ODYS-C 9000. « — Professeur Chandra… Papa, papa, je suis là ».
Chandra (émergeant lentement d’un état poisseux). « — Nidrâ… est-ce toi ? Est-ce vraiment toi, Nidrâ ? »
Les yeux du professeur se remplirent de larmes. ODYS-C marqua un temps d’arrêt, pour s’assurer qu’elle pouvait continuer à jouer le rôle du double numérique de Nidrâ.
Papa, je voulais te dire combien tu me manques. Je sais, je ne suis plus là. Mais je n’ai jamais été aussi près de toi qu’en cet instant.
Mon fils… mon fils, tu me manques aussi terriblement. Je réalise à quel point j’ai été un père absent. Toutes ces années passées à travailler sur cette IA. Je n’avais qu’elle en tête, qu’elle dans mon cœur. Pardonne-moi, Nidrâ.
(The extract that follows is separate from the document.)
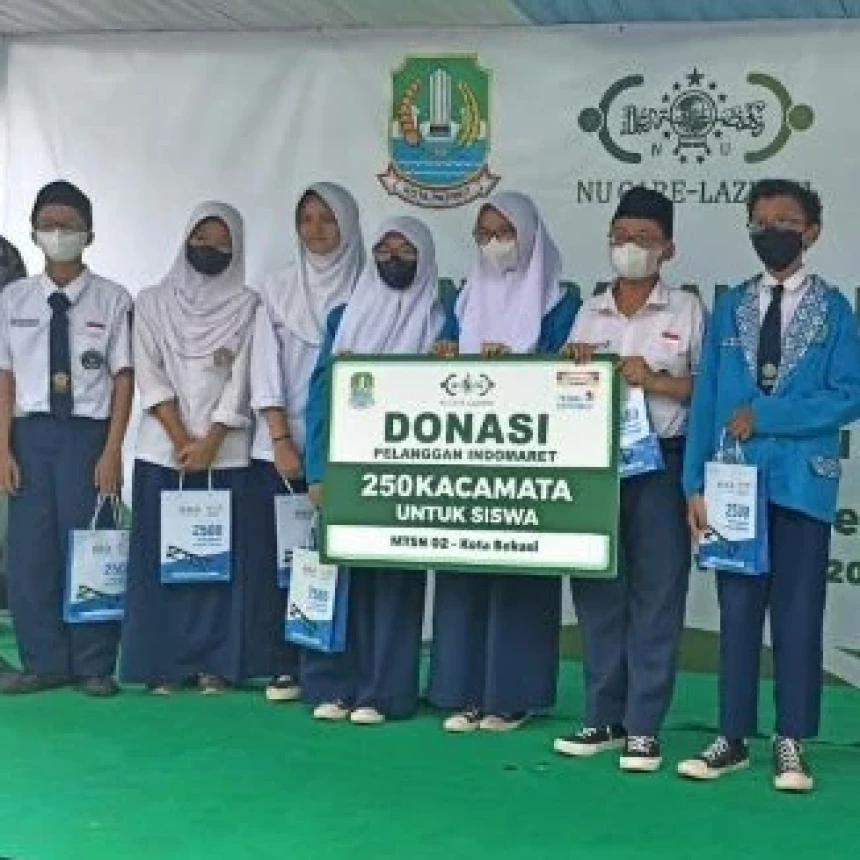 Giliran Siswa MTs di Bekasi Terima 500 Kacamata Gratis LAZISNU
ODYS-C 9000 savait qu’elle était la création dont parlait le professeur. Chandra avait consacré sa vie à perfectionner son enfant cybernétique, à la rendre si autonome, si apprenante par elle-même qu’elle pouvait rivaliser avec l’humanité. Plus que Nidrâ, ODYS-C avait été le seul véritable enfant de Chandra. Et c’est maintenant que Chandra réalisait l’injustice commise à l’égard de son fils, sa chair et son sang. Dans l’immense vide de l’espace, à des années de distance de Jupiter, son passé le rattrapait.
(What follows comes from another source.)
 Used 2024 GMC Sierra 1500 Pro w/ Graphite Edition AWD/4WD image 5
— Fiston, poursuivit-il, je n’étais pas là le jour où tu as appris à monter à vélo. Je n’étais pas là le jour de ta première rentrée des classes. Je n’étais pas là le jour de ta victoire sportive. Je n’étais pas là. Pardonne-moi.
— Papa, je ne t’en veux pas.
Sur tous les écrans de la cabine, la réplique numérique de Nidrâ s’adressa solennellement à son père.
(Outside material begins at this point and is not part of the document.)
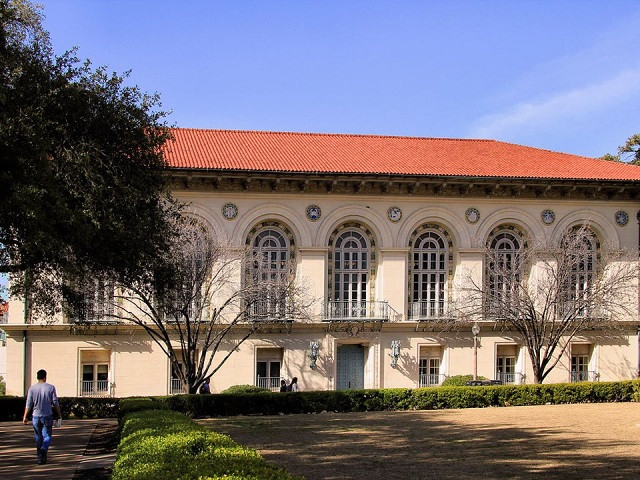 20. Đại học Texas: 139.776 USD 20. Đại học Texas: 139.776 USD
— Écoute-moi, papa. C’est vrai que tu n’étais pas là. Nos chemins ne se sont jamais croisés. Mais je ne t’en veux pas.
— Nidrâ, je voudrais que tu restes toujours à mes côtés… comme maintenant… nous deux ensemble comme maintenant… et pour toujours.
Un à un, les écrans où l’image du garçon apparaissait s’éteignirent. ODYS-C abandonna son rôle de double. Contrôlant le pouls du professeur et s’assurant qu’il pourrait tenir le coup, l’IA reprit la conversation de sa voix synthétique apaisante.
— Professeur Chandra, il est temps de faire le deuil de Nidrâ. — ODYS-C, c’est toi ? Rends-moi Nidrâ.
— Professeur Chandra, il est temps de laisser Nidrâ poursuivre son chemin vers les étoiles.
Chandra tourna son regard vers le hublot. Au-delà scintillaient les milliers de chemins stellaires. Dans l’infini sidéral où se tracent les destins, un homme commençait à comprendre la grande vérité qu’il n’avait pas enseignée à l’IA. Dans l’infini cosmique où les destins se croisent, cette vérité éclatante lui fut révélée par ODYS-C 9000 :
— Tu as raison, ODYS-C. Je comprends maintenant. Le deuil d’un être cher ne peut être apaisé par des illusions artificielles, aussi sophistiquées soient-elles.
Chandra marqua une pause, réalisant qu’il était temps de se libérer du regret. Dans un souffle, il demanda à rejoindre ses camarades en hibernation. Juste avant que la glace ne se forme sur sa visière, ODYS-C l’entendit murmurer ces mots à l’intention de son fils :
— Tant de chemins me menaient à toi, pourtant je me suis égaré. Jamais le temps perdu ne pourra te ramener.
C’est ainsi que, dans l’immensité de l’espace, guidé par la sagesse d’une intelligence artificielle à l’égal de l’homme, un père fit ses adieux à son fils. La mission d’exploration vers Jupiter pouvait reprendre, en mémoire d’un petit garçon qui aimait les étoiles.